Hymns and Songs
I have enjoyed reading Charles Malcolm Wingard’s book Help for the New Pastor over the past week. This book was part of the selection for Together for the Gospel earlier this year. I probably wouldn’t have bought it otherwise, but thankfully it has landed in my hands. Some of it won’t apply until I graduate in a few years (e.g. how to conduct funerals), but Wingard is full of the wisdom that comes from years and years of experience. Again, I’m thankful to have been given this book.
Something worth sharing: his thoughts on selecting hymns and songs for corporate worship.
The best hymns take their cues from the psalms. As they are sung, believers adore God’s character, praise him for his works of creation and redemption, express trust in the finished work of Christ, consider the sobering distinction between the righteous and the wicked, and exhort one another to covenant faithfulness in the midst of struggles, fears, and doubts.
Apart from its fidelity to Scripture, the most important requirement for a hymn is that the congregation be able to sing it with confidence. During your first year at a new church, work with your accompanist or music director to determine which hymns your congregation knows and sings well. This is especially important in smaller congregations. When numbers are small and your people can’t sing the chosen hymns, a musical train wreck leaves everyone discouraged.
One new hymn every two months is plenty. When introducing new hymn tunes, have the accompanist or musicians play through an entire stanza once, so that people can hear the tune. If you have a choir or band, let it sing or play the hymn the previous week as an introit or offertory, and then sing or play the first stanza on the Sunday the hymn is introduced. The congregation can listen and then join in singing the first stanza again, followed by the remainder of the hymn. With a little forethought, you can help your congregation sing confidently.
Even if your congregation is comfortable with only a small number of hymns, you are in good shape. You can work to build its repertoire over time. If you think a song would enrich your congregation’s worship, but they don’t know the tune, substitute a well-known tune in the same meter. If you don’t know what a hymn’s meter is, ask your accompanist to explain. (54-55)
What a refreshing perspective. So much of contemporary worship thought is focused on the performance quality, instrumental variety, the display of emotion from the stage… but Wingard seems laser-focused on the congregation’s ability to sing. I would add to his advice that most syncopated rhythms are going to be unsingable for most people.

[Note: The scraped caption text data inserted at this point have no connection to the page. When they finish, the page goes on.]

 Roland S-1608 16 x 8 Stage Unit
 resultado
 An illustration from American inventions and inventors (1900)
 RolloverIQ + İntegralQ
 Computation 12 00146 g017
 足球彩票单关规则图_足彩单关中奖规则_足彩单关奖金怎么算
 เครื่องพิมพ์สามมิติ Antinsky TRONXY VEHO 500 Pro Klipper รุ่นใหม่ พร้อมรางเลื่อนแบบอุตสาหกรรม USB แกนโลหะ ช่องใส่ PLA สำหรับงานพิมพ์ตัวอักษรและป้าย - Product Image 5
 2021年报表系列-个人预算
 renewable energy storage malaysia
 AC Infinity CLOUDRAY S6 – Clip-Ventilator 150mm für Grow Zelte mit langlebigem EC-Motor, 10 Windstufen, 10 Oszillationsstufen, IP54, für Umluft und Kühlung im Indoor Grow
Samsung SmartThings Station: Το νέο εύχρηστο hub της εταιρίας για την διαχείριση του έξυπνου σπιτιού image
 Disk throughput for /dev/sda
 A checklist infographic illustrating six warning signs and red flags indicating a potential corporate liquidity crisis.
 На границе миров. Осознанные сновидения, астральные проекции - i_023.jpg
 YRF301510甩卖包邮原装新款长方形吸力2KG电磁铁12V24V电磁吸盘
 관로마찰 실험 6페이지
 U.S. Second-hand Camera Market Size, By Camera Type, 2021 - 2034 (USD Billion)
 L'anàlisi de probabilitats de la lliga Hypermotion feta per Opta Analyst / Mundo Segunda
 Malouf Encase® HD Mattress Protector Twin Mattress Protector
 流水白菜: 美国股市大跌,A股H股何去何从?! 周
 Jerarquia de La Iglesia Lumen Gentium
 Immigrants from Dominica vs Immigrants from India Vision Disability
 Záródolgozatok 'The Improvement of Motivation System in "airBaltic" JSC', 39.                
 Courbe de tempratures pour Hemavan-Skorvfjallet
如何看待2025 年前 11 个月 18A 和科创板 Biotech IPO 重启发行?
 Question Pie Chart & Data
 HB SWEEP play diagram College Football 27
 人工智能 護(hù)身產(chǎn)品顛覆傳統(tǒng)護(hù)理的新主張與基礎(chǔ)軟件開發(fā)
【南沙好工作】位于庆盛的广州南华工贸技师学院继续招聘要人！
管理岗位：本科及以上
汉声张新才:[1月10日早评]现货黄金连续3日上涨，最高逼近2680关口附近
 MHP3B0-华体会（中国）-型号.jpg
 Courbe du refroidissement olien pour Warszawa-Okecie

And worse, too, if they have thirds, forths, fifths, or my goodness, sixths intervals throughout. Most singable tunes have most intervals as steps; it just works.
I love his point that the best songs in worship take their cues from the Psalms. This is why I love Jonathan Ogden’s work. And the solo projects that John Foreman did… ten years ago??? They have enriched my walk with Christ by reminding me of the psalms He would have so often read and prayed through.
A final thought: if the point of worship music is congregational singing, then it would not make sense to have a super loud band. (It also does not make sense to have carpeted floors, or hall-arranged sanctuaries, or synth noise).